By Sally Rawsthorne
Australia is the most crowded streaming market in the world. We have more than double the global average number of players in market. We have around 27 streaming services, and we believe that is absolutely not sustainable,” Spotify Australia and New Zealand MD Kate Vale told Mediaweek recently.
Not that she’s worried about the likelihood of Spotify’s ongoing success. “Usually what happens is that three or four of those survive, and given where we are in market we anticipate being one of those.
“Let’s face it – Spotify has been around for eight years now, so we’re way ahead of the most recent competition. We have a brief that’s very different to [newly launched Apple radio service] Beats 1 – rather than a limited three month trial, Spotify is free for as long as you want it to be,” she noted.
Vale wouldn’t disclose the company’s revenue split between advertising and subscriptions, and while the company also keeps quiet on the number of Australian subscribers, she described the figure as “very healthy”. Spotify’s claim to be the largest and fastest-growing streaming service worldwide is true in Australia, she added. “We don’t disclose our numbers locally, but there are a number of third parties who report data in Australia, like comScore and Nielsen. According to all of them, we’re the fastest-growing and largest in market.”
“Our conversion rate from free
to premium is also pretty high
compared to the rest of the world.“
As to Australia’s position in the global music streaming marketplace, Vale said that we punch well above our weight. “Australia is the 6th largest music market in the world. For our population of a mere 24 million people, the amount of music we’re spending on per capita really stands up on the world stage. That’s pretty significant.

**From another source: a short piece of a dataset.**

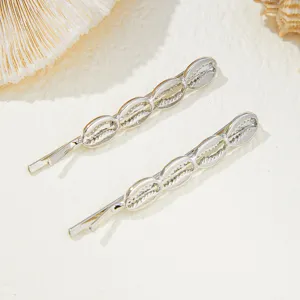 Silver seashell hair clip detail shot, elegant beach style bobby pin accessory for women and girls.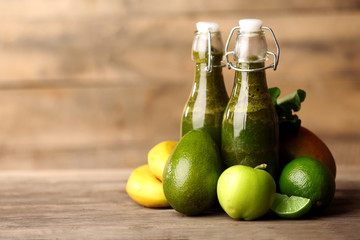 Green healthy juice with fruits and herbs on wooden table close up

“Our conversion rate from free to premium is also pretty high compared to the rest of the world. We do want people to upgrade to a premium subscription. It’s a superior service. Once you’re paying for it, you can switch your playlist offline, there’s no advertising and you can search for and play pretty much any song that you’d like. The global average is about 25%, and in Australia we’re in the low 30s. Australians are prepared to pay for music,” she said.
As to what music she loves, Vale listed a mix of older and more contemporary music. “I like a lot of old school stuff. I really love The Cure and Talking Heads. More recently, I’m into Foals. I have a few playlists – Kate’s Pearlers and Kate’s Chill Out Tunes – that I would encourage anyone to follow me on.”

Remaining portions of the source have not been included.